The budget incentive in option X22 is intended to serve as a financial incentive, being independent of the standard pain/gain share under ECC Option C, for the contractor to provide its ECI inputs. Based on the standard provisions of option X22, there is no clear linkage established between the contractor’s ECI inputs and the incentive payment. The contractor could, in reality, be entitled to the budget incentive even if it failed to provide the ECI inputs with effective outcomes, yet eventually the final project cost is still lower than the budget.
The incentive mechanism under option X22 may be ideal when an established working partnership with the client already exists, and where the contractor has a proven reputation and expertise in ECI with predictable effectiveness. Indeed, the award of the construction works (i.e. stage two) could be somehow regarded as an incentive to the contractor. Further, the client and the contractor could benefit from a better performance on the pain/gain share following effective ECI inputs. However, if an extra financial incentive is provided, it should be clearly linked to the ECI inputs from the perspective of accountability for additional expenditure by the client.
Possible ways forward
Using the standard option X22 could be challenging for public-sector clients in Hong Kong. Yet I believe that with a few minor amendments it could be made more suitable for the Hong Kong environment, giving clients an easier start to their ECI journey.
Firstly, there should be a tendered total of the prices for stage one and stage two submitted with the tender if ECC Option C is to be adopted. If there is a considerable certainty in terms of the scope of the ECI inputs in stage one, it is always feasible and desirable to require a tendered total of the prices for stage one to be submitted with the tender. And the submission of a tendered total of the prices for stage two should always be practical provided that the project has a design with a considerable maturity, yet with room for further design enhancement through the ECI process.
As such, there will be no further need for the submission and agreement of the total of the prices for stage two after the contract award. The key benefit of this approach is facilitating the client to arrive at its financial commitment in terms of a tendered total of the prices for the contract as a whole, albeit still subject to changes after the contract award (e.g. due to compensation events), by means of an open and competitive tendering exercise embedded with the requisite fairness.
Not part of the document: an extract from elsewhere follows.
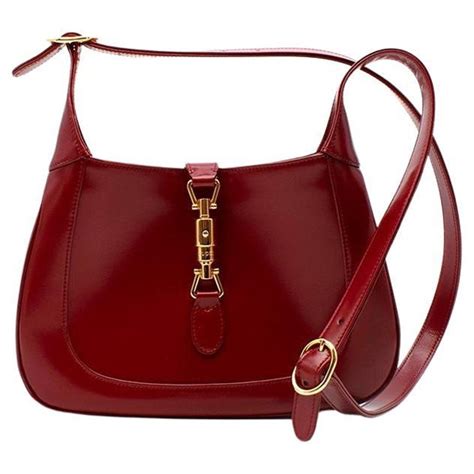 gucci jackie 1961 burgundy|gucci 1961 shoulder bag.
Secondly, the incentivisation should be directly linked to the outcomes of the ECI inputs. For instance, the contractor could be paid with an incentive based on the cost savings obtained from its ECI inputs during stage one (e.g. cost saving proposals submitted in stage one). However, the contractor should have no entitlement to this particular incentive for cost saving, if any, as a result of the contractor’s non-ECI inputs. Further, both ECI and pain/gain share incentives should be de-activated if the contractor is not instructed to proceed to stage two.
Conclusions
The concepts of ECI are not rocket science. But there are always challenges to be overcome if people wish to implement a new idea within an existing system that has operated for quite a while. As made clear in Construction 2.0, the Hong Kong construction industry is facing a challenging future and it is time for change – not least in contract procurement. It is therefore hoped that the learning curve for ECI with NEC4 could start sooner rather than later in Hong Kong as the industry can then raise its game through more practical experience acquired.